== Segment start ==
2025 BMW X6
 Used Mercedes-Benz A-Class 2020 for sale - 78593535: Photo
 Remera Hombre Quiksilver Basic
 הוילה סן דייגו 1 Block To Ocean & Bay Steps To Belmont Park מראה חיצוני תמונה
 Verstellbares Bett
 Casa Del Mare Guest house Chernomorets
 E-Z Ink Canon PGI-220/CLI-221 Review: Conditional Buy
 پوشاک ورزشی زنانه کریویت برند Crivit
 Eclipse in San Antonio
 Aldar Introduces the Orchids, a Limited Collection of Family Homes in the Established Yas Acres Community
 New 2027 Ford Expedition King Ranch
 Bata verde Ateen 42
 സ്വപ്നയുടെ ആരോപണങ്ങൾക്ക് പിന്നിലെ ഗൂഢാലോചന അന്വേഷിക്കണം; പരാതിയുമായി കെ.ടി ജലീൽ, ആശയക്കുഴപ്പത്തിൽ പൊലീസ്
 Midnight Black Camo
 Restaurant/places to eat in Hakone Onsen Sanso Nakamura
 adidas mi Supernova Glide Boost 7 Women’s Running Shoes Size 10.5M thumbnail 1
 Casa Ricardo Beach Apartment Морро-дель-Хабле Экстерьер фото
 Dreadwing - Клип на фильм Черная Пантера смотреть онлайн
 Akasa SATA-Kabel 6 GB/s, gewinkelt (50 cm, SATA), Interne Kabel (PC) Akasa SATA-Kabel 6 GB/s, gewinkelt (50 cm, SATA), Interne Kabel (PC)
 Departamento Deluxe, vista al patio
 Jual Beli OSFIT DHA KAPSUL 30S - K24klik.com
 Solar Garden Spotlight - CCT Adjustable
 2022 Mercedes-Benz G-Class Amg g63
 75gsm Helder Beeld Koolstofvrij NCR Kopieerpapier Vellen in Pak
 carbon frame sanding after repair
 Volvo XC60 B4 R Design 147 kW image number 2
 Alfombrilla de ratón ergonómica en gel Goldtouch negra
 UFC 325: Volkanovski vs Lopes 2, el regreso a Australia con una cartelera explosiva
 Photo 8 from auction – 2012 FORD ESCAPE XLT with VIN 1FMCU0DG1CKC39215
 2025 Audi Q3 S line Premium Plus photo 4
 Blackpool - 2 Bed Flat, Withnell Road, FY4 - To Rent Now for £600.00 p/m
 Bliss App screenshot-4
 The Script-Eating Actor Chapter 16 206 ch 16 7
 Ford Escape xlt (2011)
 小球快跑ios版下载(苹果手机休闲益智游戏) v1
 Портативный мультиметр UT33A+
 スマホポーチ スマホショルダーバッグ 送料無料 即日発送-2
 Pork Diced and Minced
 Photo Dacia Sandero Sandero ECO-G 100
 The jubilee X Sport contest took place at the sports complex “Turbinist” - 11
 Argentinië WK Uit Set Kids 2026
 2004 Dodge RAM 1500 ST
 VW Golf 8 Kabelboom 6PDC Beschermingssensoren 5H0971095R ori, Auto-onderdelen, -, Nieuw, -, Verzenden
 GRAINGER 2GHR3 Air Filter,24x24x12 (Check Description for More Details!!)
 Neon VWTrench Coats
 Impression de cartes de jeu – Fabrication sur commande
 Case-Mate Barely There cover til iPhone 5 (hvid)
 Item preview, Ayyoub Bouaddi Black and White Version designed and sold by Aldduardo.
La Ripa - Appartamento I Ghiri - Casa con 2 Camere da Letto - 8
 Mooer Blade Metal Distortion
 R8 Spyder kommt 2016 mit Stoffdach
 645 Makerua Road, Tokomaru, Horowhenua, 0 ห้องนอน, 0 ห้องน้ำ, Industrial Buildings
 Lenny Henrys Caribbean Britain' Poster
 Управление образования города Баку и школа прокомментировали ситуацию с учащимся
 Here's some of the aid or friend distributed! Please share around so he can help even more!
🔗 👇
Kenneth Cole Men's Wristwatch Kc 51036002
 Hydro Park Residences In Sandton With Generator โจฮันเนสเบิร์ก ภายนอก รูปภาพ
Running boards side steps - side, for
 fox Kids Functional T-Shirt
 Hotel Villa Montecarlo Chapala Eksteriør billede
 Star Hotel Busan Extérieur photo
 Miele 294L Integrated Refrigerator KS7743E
== Segment end ==
— WHAT YOU ARE ASKED TO DO —
The reply should consist solely of the lines above from the one that has "GRAINGER 2GHR3 Air" through the one that has "Kenneth Cole Men's Wristwatch Kc 51036002", reproduced exactly.

— TASK OUTPUT —
 GRAINGER 2GHR3 Air Filter,24x24x12 (Check Description for More Details!!)
 Neon VWTrench Coats
 Impression de cartes de jeu – Fabrication sur commande
 Case-Mate Barely There cover til iPhone 5 (hvid)
 Item preview, Ayyoub Bouaddi Black and White Version designed and sold by Aldduardo.
La Ripa - Appartamento I Ghiri - Casa con 2 Camere da Letto - 8
 Mooer Blade Metal Distortion
 R8 Spyder kommt 2016 mit Stoffdach
 645 Makerua Road, Tokomaru, Horowhenua, 0 ห้องนอน, 0 ห้องน้ำ, Industrial Buildings
 Lenny Henrys Caribbean Britain' Poster
 Управление образования города Баку и школа прокомментировали ситуацию с учащимся
 Here's some of the aid or friend distributed! Please share around so he can help even more!
🔗 👇
Kenneth Cole Men's Wristwatch Kc 51036002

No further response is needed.